それは小池にも当てはまる。小池はどこまでも空虚であり、過去の言動をいくら仔細に分析しても、批判そのものが空転する。彼女にとって過去は過去でしかなく、絶対の行動原理は「当選すること」に向けられているからだ。着目すべきは、彼女を支えている人々、言い換えればポピュリズムを支えている人々だ。

果たされる見込みのない公約は、軽薄なキャッチフレーズで打ち出され、その言葉はメディアを通じて流され続け、過去はどうでもよくなってしまう。

昨日の話題がすぐに流れ、忘れてしまうようにSNSのように政治家の発言も流されていく。その結果、空虚な政治家が押し上げられていく。それは決して、変わった人々によってではない。どこにでもいる人々が、そうした政治家を支えている。

それはどのような理由によってか、なぜ忘却は進むのか。これ以上、空虚な政治を望まない人々が向き合うべきだったのは、小池本人の検証だけでなく、彼女を支える「普通の人々」の心情と向き合うことだったのではないか。私は自戒を込めてそう思うのだ。

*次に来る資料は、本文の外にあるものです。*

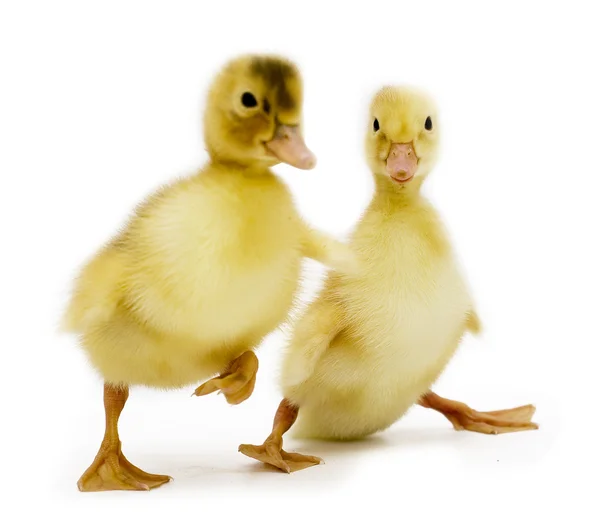 Drunk ducklings — Stock Photo, Image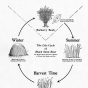 Diagram showing the different stages of black stem-rust disease—the kind that attacks the barberry bush. Date unknown.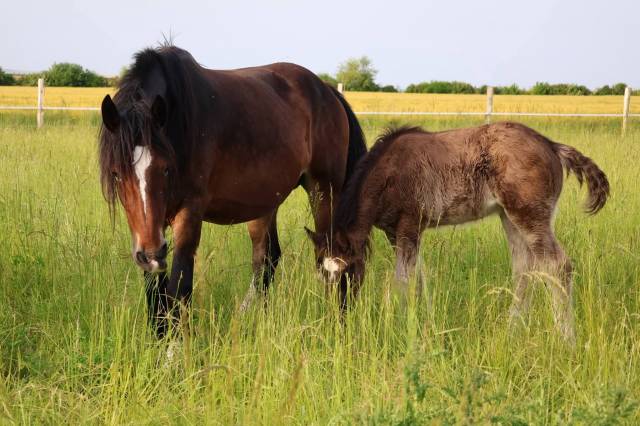 Pouliche shire pleins papiers noire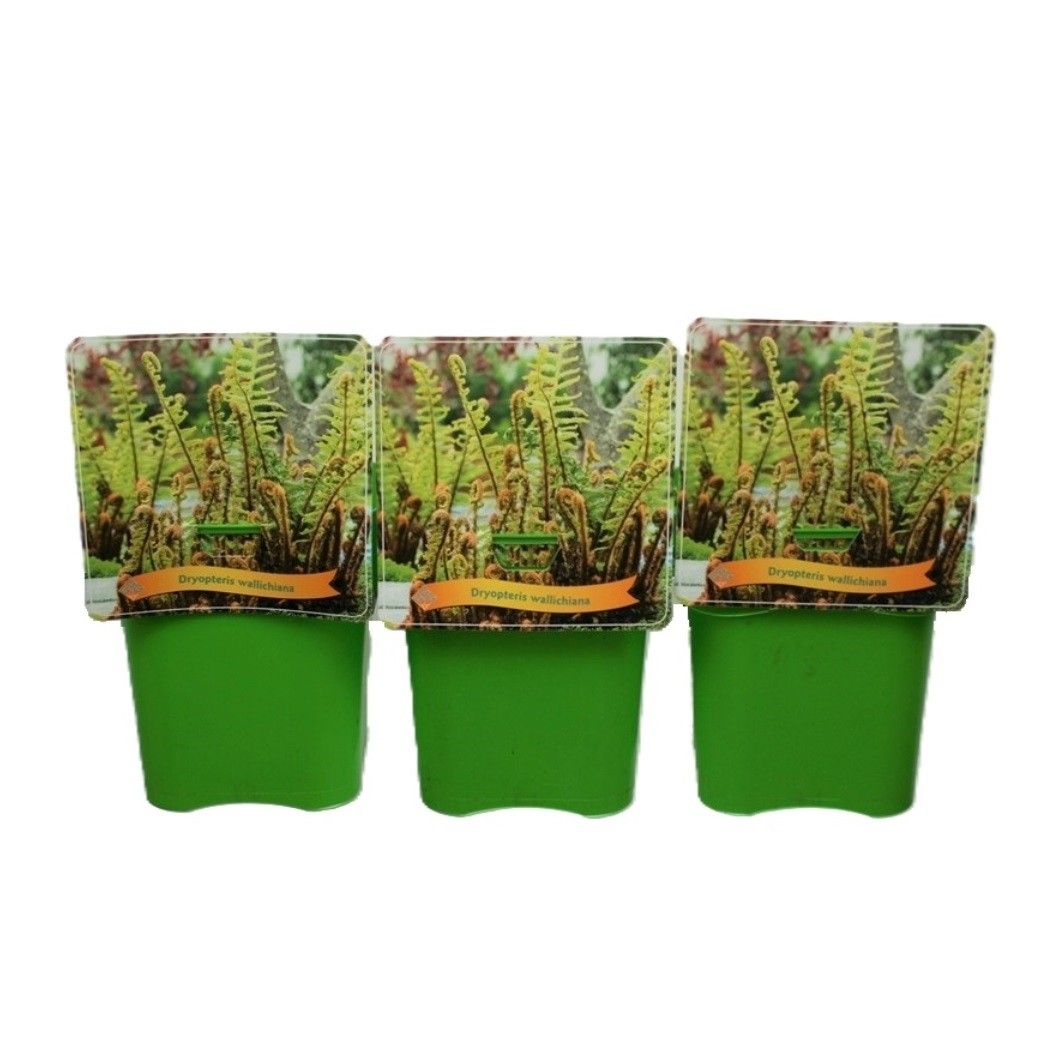 Dryopteris wallichiana C5, D 21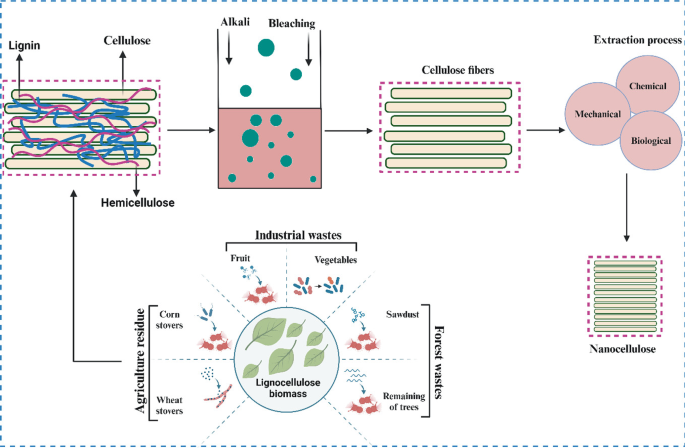 Nanocellulose Isolation Techniques | Springer Nature Link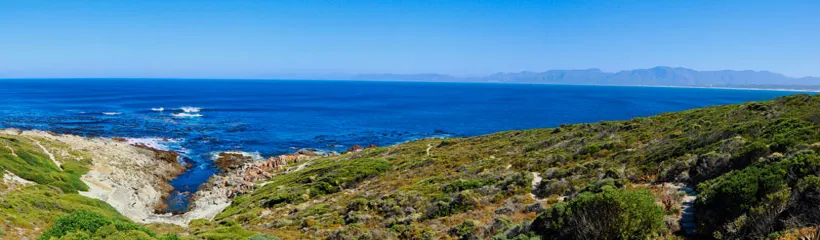 Panoramic view of ocean with rocky coastline and green vegetation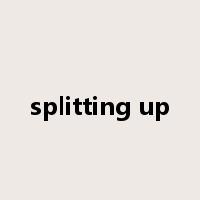 splitting up是什么意思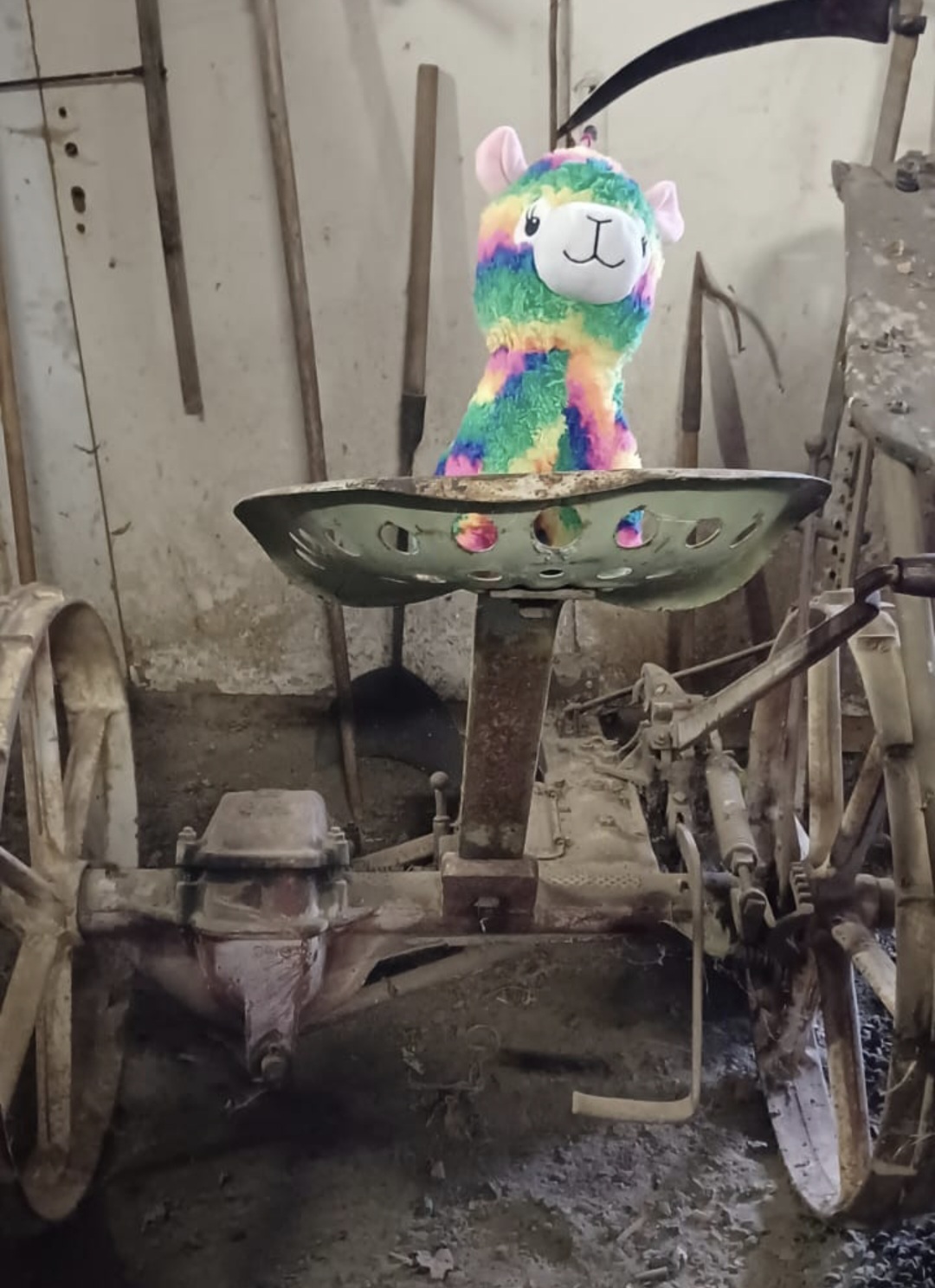 screenshot_20241017_201544_gallery.jpg Thumbnail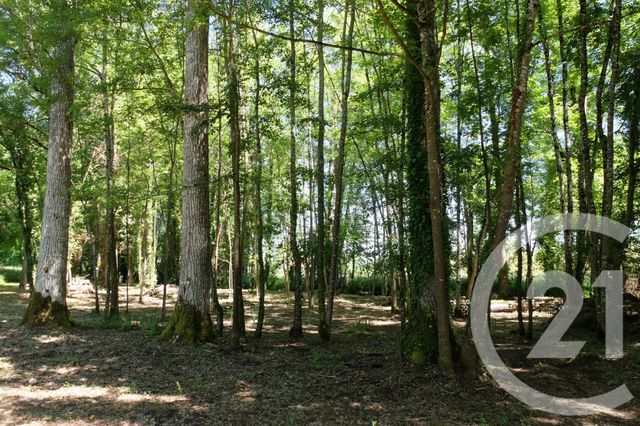 Maison à vendre - 6 pièces - 182 m2 - Les Quatre Routes Du Lot - 46 - MIDI-PYRENEES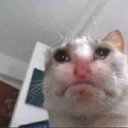 sjjzhao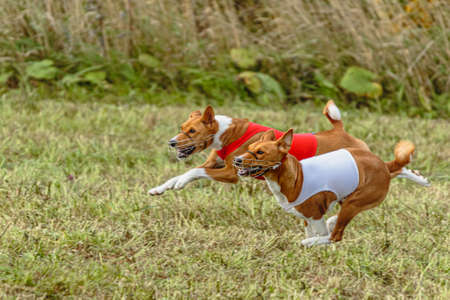 Two basenji dogs running in a red and white jacket on coursing fieldの写真素材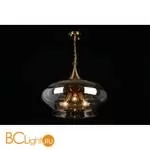 Подвесной светильник Aployt Franko APL.601.16.03 - Фото 8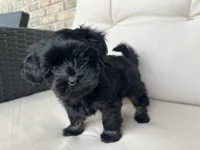 Maltipoo Male, a male Maltipoo for sale in Imperial, MO – 2 of 6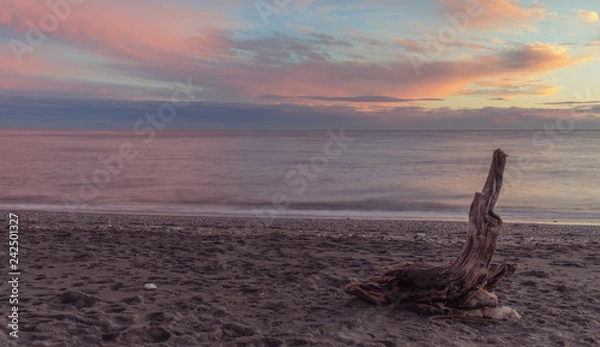 Fototapeta Nerja, Malaga, Andalusi, Spain - November 23, 2018: Old tree trunk stranded on a beach in a beautiful sunset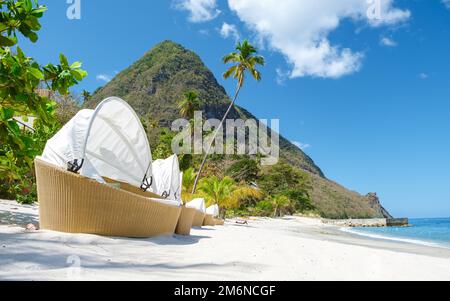 Sugar beach Saint Lucia ,white tropical beach palm trees and luxury beach chairs St Lucia Caribbean Stock Photo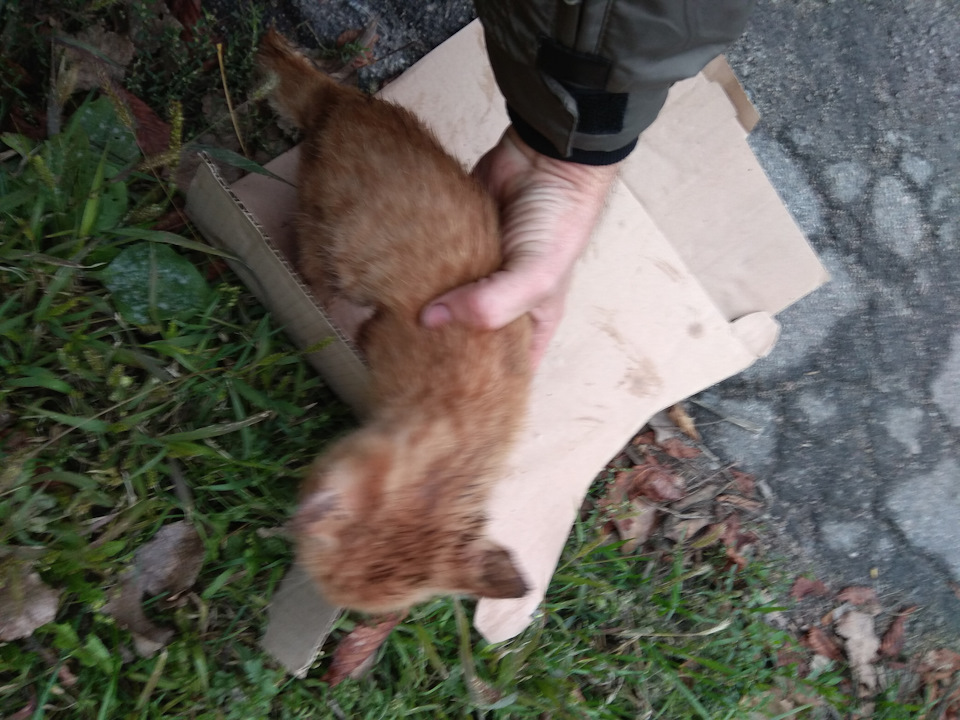 Порятунок кота, Кардана Зазовича 1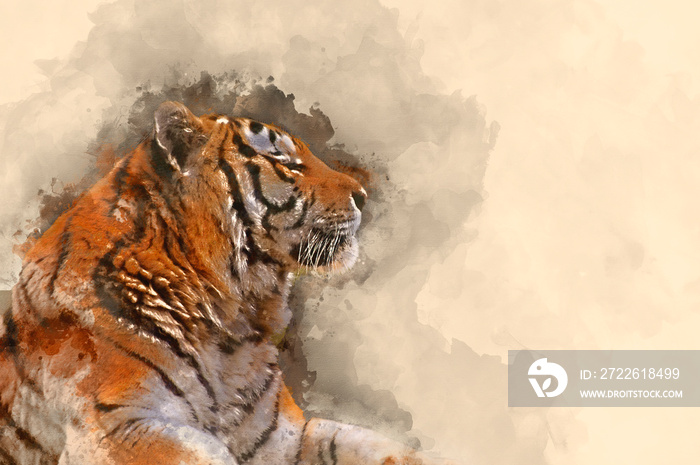 Digital watercolor painting of Stunning close up image of tiger relaxing on warm day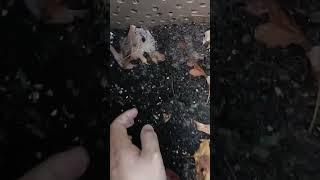 Composting for dummies series: Part 1! #compost #texasgarden #gardening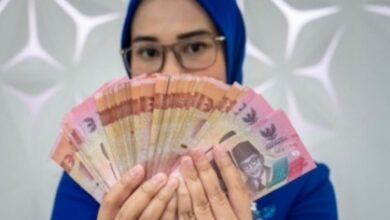 Dapatkan KUR BRI: Pilih Jenis Sesuai Usaha Anda!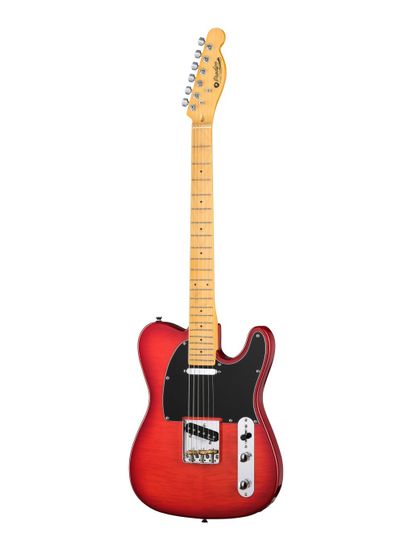 Электрогитара Prodipe JMFTC90ALDERTRD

 つまり、小池百合子氏を支持した普通の人は、目先に囚われ、忘却する、まあ、ぶっちゃけ言うなら「愚民」ということなのではないか。
 この普通の人にいかに向き合うかが、「リベラル」の課題だというなら、まあ、それもそうかもしれない。私もこんな選挙でも必ず行くべきだという「リベラル」な声に、今回ほどうんざりしたことはないくらいの愚民であった。
 しかし、東京都民の普通の人は、目先に囚われ、忘却しやすい人だという認識でいいのだろうか。違うような気もするが、その違和感が「リベラル」の課題になることはないのだろうなとは思った。また、小池氏を支持したのは、男性より女性だったということも、フェミニズムの論点になることもないように思った。